On a weak polynomial version of Erdős conjecture

Question

This question is motivated by Erdős conjecture on arithmetic progressions. It is a weaker conjecture than Erdős' one.

Erdős conjecture on arithmetic progressions states, "If $A$ is a large set, then $A$ contains (nontrivial) arithmetic progressions of every length."

The following conjecture states that, "If $A$ is a large set, then $A$ contains (nontrivial) polynomial progressions of integer coefficients of every length."

Conjecture: If $A\subset \mathbb{N}$ is a large set in the sense that

$$ \sum_{n\in A} \frac{1}{n} = \infty,$$

then for every $k\in\mathbb{N},$ there exists a polynomial of integer coefficients $(c_i)_{i=1}^{n}\ $ with $\ n\geq 1\ $ and $\ c_n\geq 1$,

$$ f_k(x) = c_0 + c_1 x + c_2 x^2 + \ldots + c_n x^n, $$

such that

$$ f_k(i) \in A \quad \forall\ i\in \lbrace{1,\ldots, k\rbrace}. $$

Am I missing something and somehow this is relatively easily proved using elementary number theory, or would you expect this to be almost as difficult as Erdős conjecture itself?

Answer 1

In fact this can be done rather trivially for any infinite set $A$ of integers.

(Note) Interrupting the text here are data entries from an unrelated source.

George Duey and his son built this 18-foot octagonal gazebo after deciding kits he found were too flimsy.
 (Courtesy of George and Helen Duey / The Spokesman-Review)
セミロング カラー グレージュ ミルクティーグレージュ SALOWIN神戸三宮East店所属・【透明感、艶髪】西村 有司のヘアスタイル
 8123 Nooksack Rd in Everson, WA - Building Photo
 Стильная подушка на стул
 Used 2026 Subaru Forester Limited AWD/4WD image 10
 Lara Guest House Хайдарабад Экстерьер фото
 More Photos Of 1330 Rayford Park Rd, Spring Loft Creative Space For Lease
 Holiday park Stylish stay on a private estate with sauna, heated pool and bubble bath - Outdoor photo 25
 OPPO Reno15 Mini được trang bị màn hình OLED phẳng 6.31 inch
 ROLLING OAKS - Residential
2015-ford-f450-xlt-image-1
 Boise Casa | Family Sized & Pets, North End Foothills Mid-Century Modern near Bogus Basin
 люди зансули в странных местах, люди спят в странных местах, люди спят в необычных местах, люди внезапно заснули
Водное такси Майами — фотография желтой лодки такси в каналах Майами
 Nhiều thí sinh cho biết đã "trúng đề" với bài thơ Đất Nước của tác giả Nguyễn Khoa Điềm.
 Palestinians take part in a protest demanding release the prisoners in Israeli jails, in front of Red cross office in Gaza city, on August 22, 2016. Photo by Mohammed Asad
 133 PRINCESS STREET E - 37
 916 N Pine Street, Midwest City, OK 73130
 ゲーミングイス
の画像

Given $k$, let $$L (x) = \prod_{j=2}^k \frac{x - j}{1-j}$$ a polynomial of degree $k-1$ interpolating $(1,1)$ and $(j,0)$ for $j = 2 \ldots k$. Its coefficients are integers divided by $(k-1)!$. Let $y_1$ and $y_2$ be two members of $A$ that are congruent mod $(k-1)!$. Then the polynomial

$$f_k(x) = y_1 + (y_2 - y_1) L(x)$$

has degree $k-1$, integer coefficients $f_k(1) = y_2$ and $f_k(j) = y_1$ for $j = 2 \ldots k$. If the leading coefficient is negative, interchange $y_1$ and $y_2$ to make it positive.

It's also easy to modify this to get a solution where the values $f_k(j)$ for $j = 1, \ldots, k$ are distinct.

[EDIT] Consider the polyomials $$L_i(x) = \prod_{j \in \{1,\ldots,k\} \backslash \{i\}} \frac{x-j}{i-j}$$ This is the unique polynomial of degree $k-1$ with value $1$ at $i$ and $0$ at the other integers from $1$ to $k$. Note $\sum_{i=1}^k L_i(x) = 1$. Then $$f(x) = \sum_{i=1}^k y_i L_i(x)$$ has $f(i) = y_i$ for $i = 1, \ldots, k$. If all the $y_i$ are congruent modulo the lcm of the denominators, this polynomial has integer coefficients.